Following a meeting in Washington between the director of Pakistan’s intelligence service, Shuja Pasha, and CIA Director Panetta on Monday, a Pakistani official told The Washington Post that the CIA must share more information about what it “wants and is doing” inside Pakistan, adding, “They have to stop mistrusting [Pakistani intelligence] so much.”
The problem is that Pakistan’s handling of recent terrorism cases and its dealings with the Afghan Taliban have done little to inspire the trust Pakistani officials seek. Pakistan maintains links with the Afghan Taliban as well as deadly militant groups, such as the Haqqani network, that are responsible for some of the fiercest attacks against coalition soldiers and civilians in Afghanistan.
Moreover, Pakistan has failed to take substantive action against the Lashkar-e-Tayyiba (LeT) terrorist group responsible for the 2008 Mumbai attacks that killed nearly 166, including six Americans. Pakistan has dragged its feet on trying and prosecuting seven LeT members who are widely believed to be behind the Mumbai carnage that it took into custody over two years ago. In fact, one of the alleged ringleaders of the attacks, Zakiur Rehman Lakhvi, had been instructing LeT operatives while in Pakistani custody, raising questions over whether the Pakistanis were “protecting” rather than “prosecuting” him. In congressional testimony, U.S. Pacific Commander Admiral Robert Willard expressed concern about the expanding international reach of the LeT.
Pakistani intelligence officials are seeking to take advantage of the Ray Davis episode to gain leverage in their dealings with the U.S. But the Obama Administration must remain committed to U.S. counterterrorism goals in the region and continue to pursue policies in Pakistan that prioritize protecting the U.S. homeland from additional terrorist strikes. Rather than seeking to change U.S. counterterrorism objectives in the region, Pakistan should propose strategies for jointly tackling the threat.
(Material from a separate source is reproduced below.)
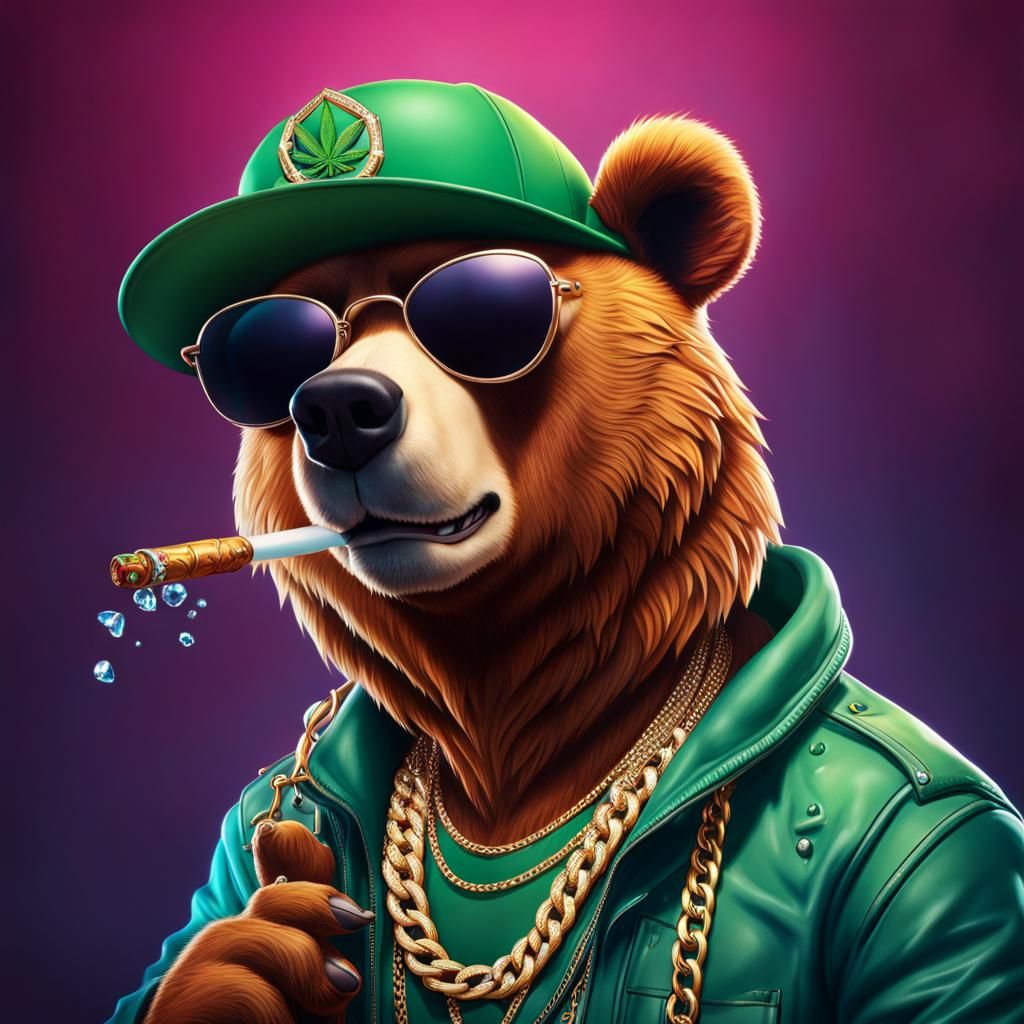 Cartoon Bear Smokes: Animated Cannabis Art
The trial of David Headley, the Pakistani-American arrested in Chicago in 2009 for involvement in the 2008 Mumbai terror attacks, is set to resume in the middle of next month. The disclosures that come to light during that trial are sure to raise more questions about Pakistan’s relationship with the LeT. To avoid further international embarrassment over the issue, Pakistan must take action against the perpetrators of the attacks. Punishing the perpetrators would be the best way to quell accusations of official Pakistani involvement in the attacks.